Here's a piece of code that does some magic. Can you find out what it is? The input is a sequence V of nonnegative integers.


a = 0 while max(V) > 0: C = [ 0 ] * max(V) for x in V: if x%2==0: a += C[x//2] else: C[x//2] += 1 V = [ x//2 for x in V ] print(a)
»
10 years ago, # |
  Vote: I like it +40 Vote: I do not like it

Binary search

while (l + 1 < r) {
    (f(m = (l + r) >> 1) ? r : l) = m;
}

printf("%lld", f(l) ? l : r);
  • »
    »
    10 years ago, # ^ |
      Vote: I like it +47 Vote: I do not like it

    Quickly! Downvote it as fast as you can — the sooner we make it hidden the less people will see this and will code like that!

    • »
      »
      »
      10 years ago, # ^ |
        Vote: I like it +65 Vote: I do not like it
      #define m ((l+r)/2)
       
      int a[N*4];
       
      int go(int n,int l,int r,int k,int p,int t)
      {
          return t ? p < l || k > r ? 0 : k <= l && r <= p ? a[n] : max( go(n*2,l,m,k,p,1), go(n*2+1,m+1,r,k,p,1) ) : r < k || k < l ? a[n] : l == r ? a[n] = p : a[n] = max( go(n*2,l,m,k,p,0), go(n*2+1,m+1,r,k,p,0) );
      }
      

      What is happening to me ? :'(

      • »
        »
        »
        »
        10 years ago, # ^ |
          Vote: I like it +11 Vote: I do not like it

        Malbolge is a language deisgned to be the worst ever.
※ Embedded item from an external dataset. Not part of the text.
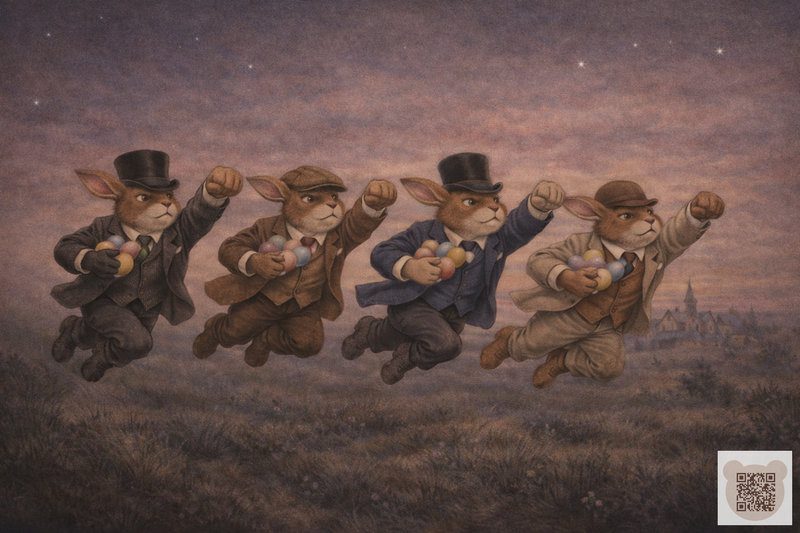 Загін великодніх кроликів у костюмах і циліндрах прийшов на допомогу Шуршику, рятуючи Великдень.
        Apparently, it failed.

»
10 years ago, # |
Rev. 2   Vote: I like it 0 Vote: I do not like it

Opps, some one added it before :P

»
10 years ago, # |
Rev. 2   Vote: I like it +1 Vote: I do not like it
int Max(int x, int y) { return (((y-x)>>(32-1))&(x^y))^y; }
int Min(int x, int y) { return (((y-x)>>(32-1))&(x^y))^x; }
»
10 years ago, # |
  Vote: I like it 0 Vote: I do not like it
c[0], r[1] = 1, 1
for i in range(2, maxn):
    r[i] = (mod - (mod // i) * r[mod % i] % mod) % mod
    c[i - 1] = c[i - 2] * (4 * i - 6) * r[i] % mod

с[i] — i-th Catalan number modulo mod

  • »
    »
    10 years ago, # ^ |
      Vote: I like it 0 Vote: I do not like it

    How often do you use Catalan's numbers?

»
10 years ago, # |
  Vote: I like it -8 Vote: I do not like it
for (int i = 0, a, b; i < sz (e); i++)
        (a = p (e[i].sc.fs)) != (b = p (e[i].sc.sc)) ? u (a, b), res += e[i].fs : 0;

Kruskal algorithm with DSU.

»
7 years ago, # |
  Vote: I like it +10 Vote: I do not like it

Considering the power of Python... I like my solution of Timus 1067

from collections import defaultdict
from functools import reduce


def recursive_defauldict():
    return defaultdict(recursive_defauldict)


def out(d, dep=0):
    for outer, inner in sorted(d.items()):
        print(' ' * dep, outer, sep='')
        out(inner, dep + 1)


paths = recursive_defauldict()
for i in range(int(input())):
    reduce(lambda directory, name: directory[name], input().split('\\'), paths)
out(paths)

Well, the part with reduce, maybe, is not perfectly readable, but the main trick is recursive_defauldict.